## Exercise directions
From the entries that follow, copy exactly the lines beginning at the line holding "Hygienici zatvorili kúpalisko" and continuing through the line holding "Casa à venda com 500m², 4 quartos e 4 vagas Casa".

Start of Material provided

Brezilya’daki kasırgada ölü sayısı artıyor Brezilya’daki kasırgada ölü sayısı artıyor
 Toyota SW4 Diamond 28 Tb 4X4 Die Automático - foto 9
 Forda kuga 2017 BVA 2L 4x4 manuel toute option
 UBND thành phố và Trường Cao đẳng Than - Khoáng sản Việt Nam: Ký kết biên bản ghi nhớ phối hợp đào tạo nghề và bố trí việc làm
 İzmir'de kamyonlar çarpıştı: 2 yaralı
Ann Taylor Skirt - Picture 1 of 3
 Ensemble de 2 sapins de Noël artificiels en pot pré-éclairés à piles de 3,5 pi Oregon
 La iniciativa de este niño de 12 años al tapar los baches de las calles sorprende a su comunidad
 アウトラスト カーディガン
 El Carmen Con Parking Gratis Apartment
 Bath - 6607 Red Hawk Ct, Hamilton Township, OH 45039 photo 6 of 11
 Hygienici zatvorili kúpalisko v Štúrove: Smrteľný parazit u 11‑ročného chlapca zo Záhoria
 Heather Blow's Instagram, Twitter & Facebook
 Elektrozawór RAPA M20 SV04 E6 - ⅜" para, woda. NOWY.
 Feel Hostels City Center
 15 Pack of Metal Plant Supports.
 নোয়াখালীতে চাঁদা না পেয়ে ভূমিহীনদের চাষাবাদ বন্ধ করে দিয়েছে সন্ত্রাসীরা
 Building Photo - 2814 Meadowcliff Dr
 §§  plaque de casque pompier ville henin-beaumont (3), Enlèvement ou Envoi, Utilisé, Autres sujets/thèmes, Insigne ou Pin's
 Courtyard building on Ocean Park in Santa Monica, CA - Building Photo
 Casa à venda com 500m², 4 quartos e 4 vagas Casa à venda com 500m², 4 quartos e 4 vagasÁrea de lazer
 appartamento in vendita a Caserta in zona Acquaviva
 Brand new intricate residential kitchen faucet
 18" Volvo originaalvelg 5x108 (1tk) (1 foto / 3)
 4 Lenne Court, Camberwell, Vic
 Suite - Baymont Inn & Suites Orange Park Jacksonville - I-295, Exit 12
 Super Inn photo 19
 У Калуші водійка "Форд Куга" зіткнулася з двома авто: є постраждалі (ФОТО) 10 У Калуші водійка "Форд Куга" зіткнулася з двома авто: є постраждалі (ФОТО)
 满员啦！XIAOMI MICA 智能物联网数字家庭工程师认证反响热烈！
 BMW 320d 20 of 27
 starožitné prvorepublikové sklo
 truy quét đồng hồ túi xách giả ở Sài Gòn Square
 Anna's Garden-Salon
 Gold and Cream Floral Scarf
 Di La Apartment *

End of Material provided

## Answer to this task
 Hygienici zatvorili kúpalisko v Štúrove: Smrteľný parazit u 11‑ročného chlapca zo Záhoria
 Heather Blow's Instagram, Twitter & Facebook
 Elektrozawór RAPA M20 SV04 E6 - ⅜" para, woda. NOWY.
 Feel Hostels City Center
 15 Pack of Metal Plant Supports.
 নোয়াখালীতে চাঁদা না পেয়ে ভূমিহীনদের চাষাবাদ বন্ধ করে দিয়েছে সন্ত্রাসীরা
 Building Photo - 2814 Meadowcliff Dr
 §§  plaque de casque pompier ville henin-beaumont (3), Enlèvement ou Envoi, Utilisé, Autres sujets/thèmes, Insigne ou Pin's
 Courtyard building on Ocean Park in Santa Monica, CA - Building Photo
 Casa à venda com 500m², 4 quartos e 4 vagas Casa à venda com 500m², 4 quartos e 4 vagasÁrea de lazer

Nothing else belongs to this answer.